Dans ce texte du journaliste Hilaire Ngoualeu Ham Ekoue, il revient sur la vie d’Anicet Ekane et son attachement aux idéaux de son maitre Ernest Ouandié et son vœu le plus cher : être enterré auprès de ce dernier.
Il est des volontés qui ne souffrent d’aucune interprétation. Celle d’Anicet Ekané en fait partie. À maintes reprises, sur les plateaux et dans l’intimité militante, il a exprimé son désir d’être inhumé auprès de celui qu’il considérait comme son guide politique et spirituel : Ernest Ouandié.

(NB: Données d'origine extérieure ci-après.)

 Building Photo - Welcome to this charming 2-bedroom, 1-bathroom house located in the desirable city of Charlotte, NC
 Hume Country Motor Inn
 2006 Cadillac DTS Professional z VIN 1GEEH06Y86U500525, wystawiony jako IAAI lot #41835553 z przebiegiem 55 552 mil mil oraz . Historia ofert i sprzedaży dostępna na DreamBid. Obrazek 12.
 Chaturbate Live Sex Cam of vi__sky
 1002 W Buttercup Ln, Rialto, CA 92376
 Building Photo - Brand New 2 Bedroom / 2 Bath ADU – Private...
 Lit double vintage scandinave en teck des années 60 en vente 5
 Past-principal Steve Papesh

Quel testament peut valoir plus que la parole d’un homme conscient de son destin ?
La question mérite d’être posée. Car ici, il ne s’agit ni d’un murmure ni d’une confidence, mais d’une déclaration publique, constante, assumée.

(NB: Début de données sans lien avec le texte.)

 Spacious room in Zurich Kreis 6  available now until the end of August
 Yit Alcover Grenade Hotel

Que ses adversaires politiques se réjouissent en silence ou se justifient par les logiques implacables du combat idéologique pourrait, à la rigueur, relever de ce cynisme ordinaire des luttes de pouvoir. « À la guerre comme à la guerre », diront certains — même si, ici, la guerre semble déjà lasse d’elle-même.

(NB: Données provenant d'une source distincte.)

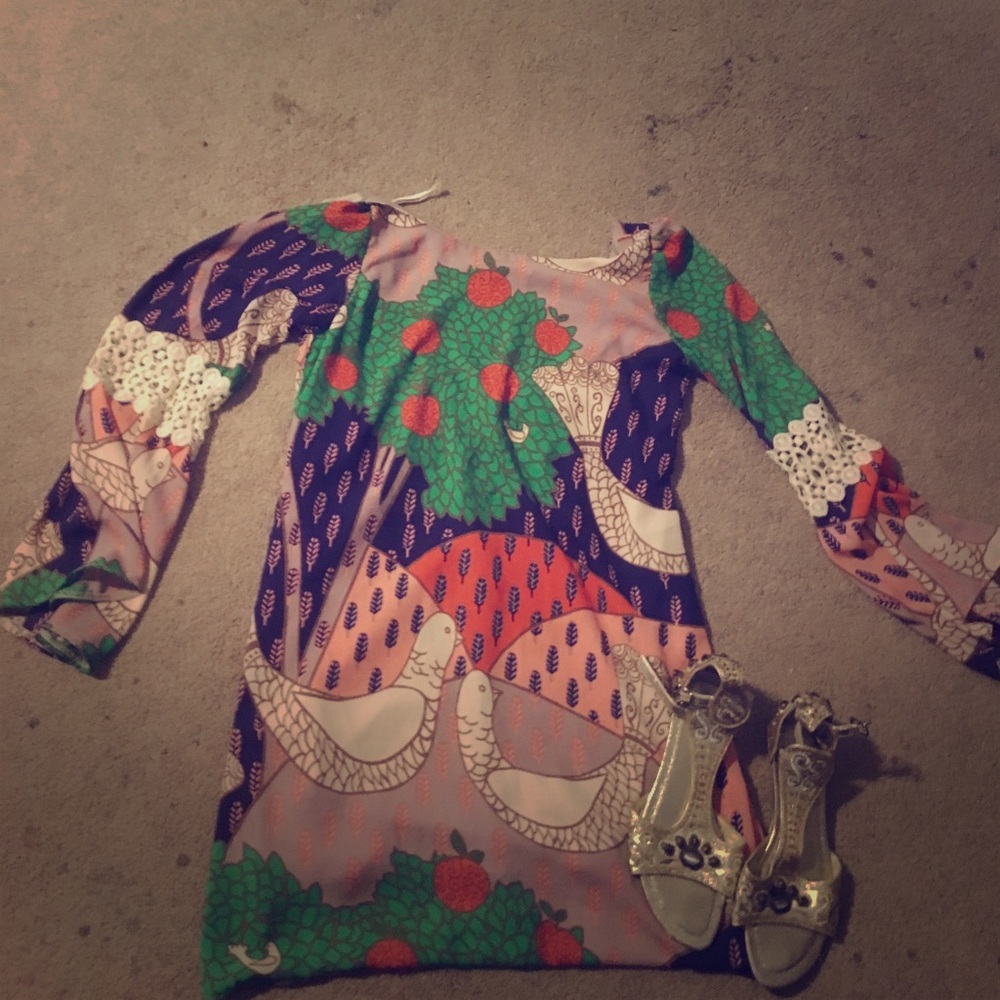 Beautiful turtle dove dress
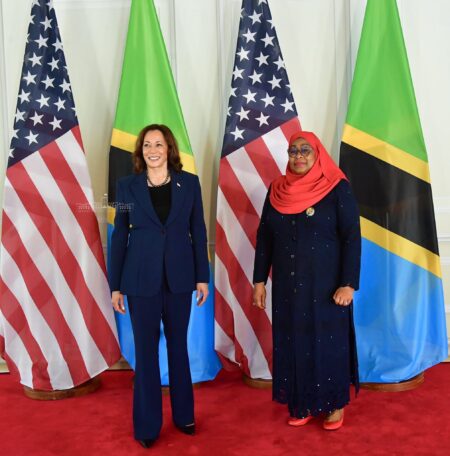 La Présidente tanzanienne « championne » de la démocratie, selon Kamala Harris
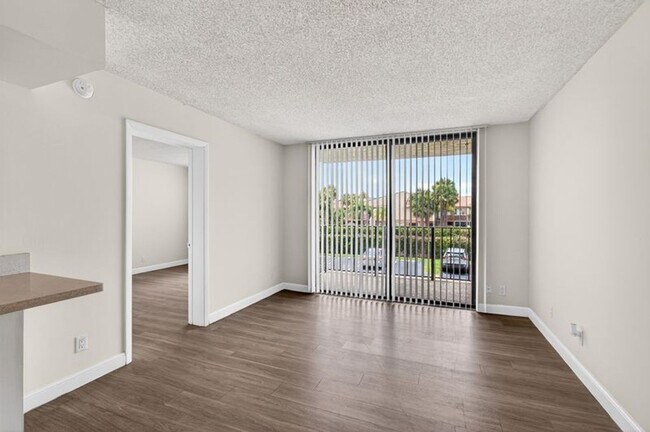 Photo - Move-In Ready Rental Near Tanger Outlets! Unit 25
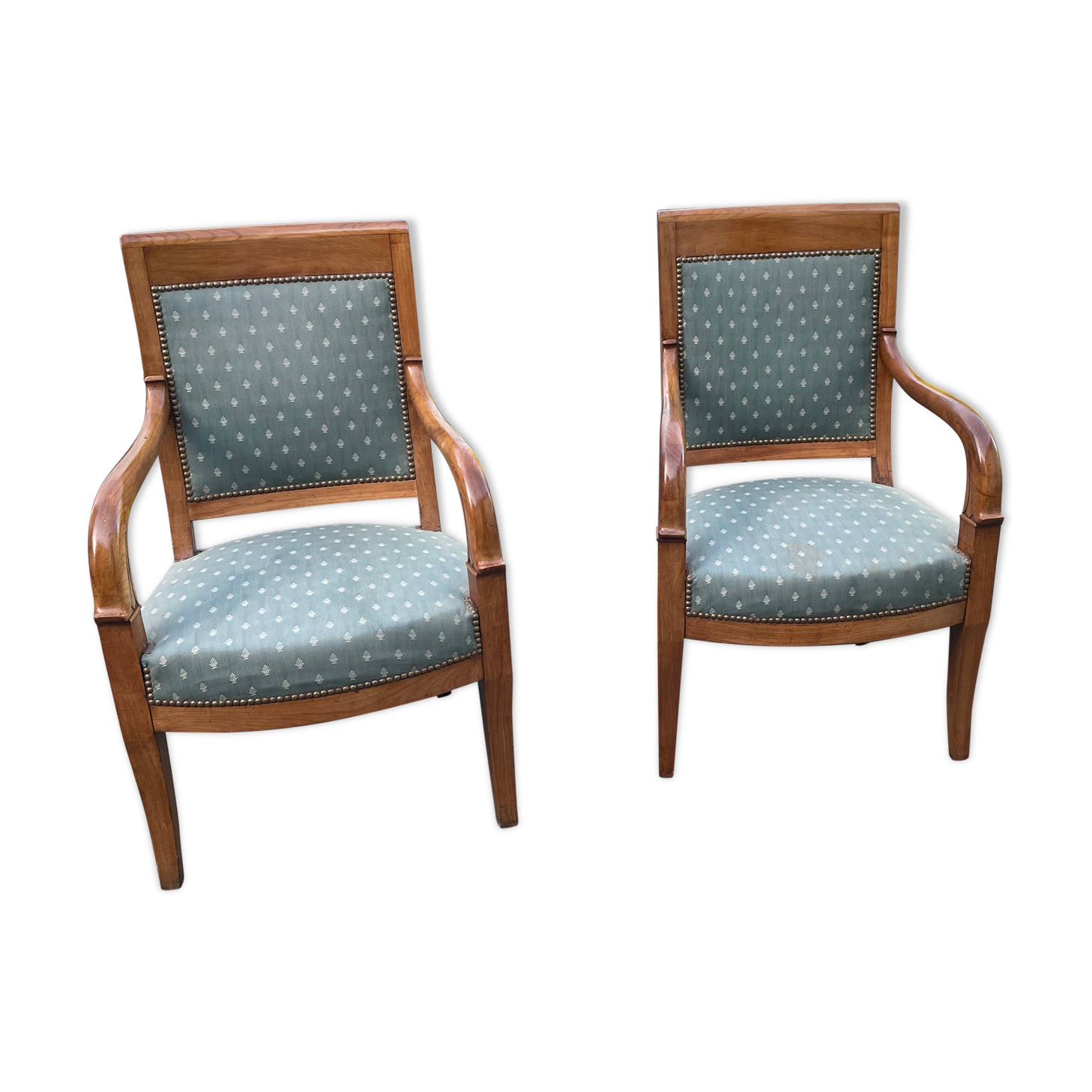 Pair of chair with cherry butt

Mais que dire lorsque la fracture surgit dans le cercle le plus intime ? Lorsque des membres de sa famille, politique et biologique, participent à brouiller son héritage, à ternir sa mémoire, à contester ses dernières volontés ?
L’histoire, pourtant, offre des précédents lourds de sens. Sous le joug colonial, l’Église protestante avait su, malgré les contraintes, offrir une sépulture à Ruben Um Nyobè à Eseka. Plus tard, elle a permis que Ernest Ouandie et d’autres figures trouvent un repos, parfois loin, mais jamais dans le déni.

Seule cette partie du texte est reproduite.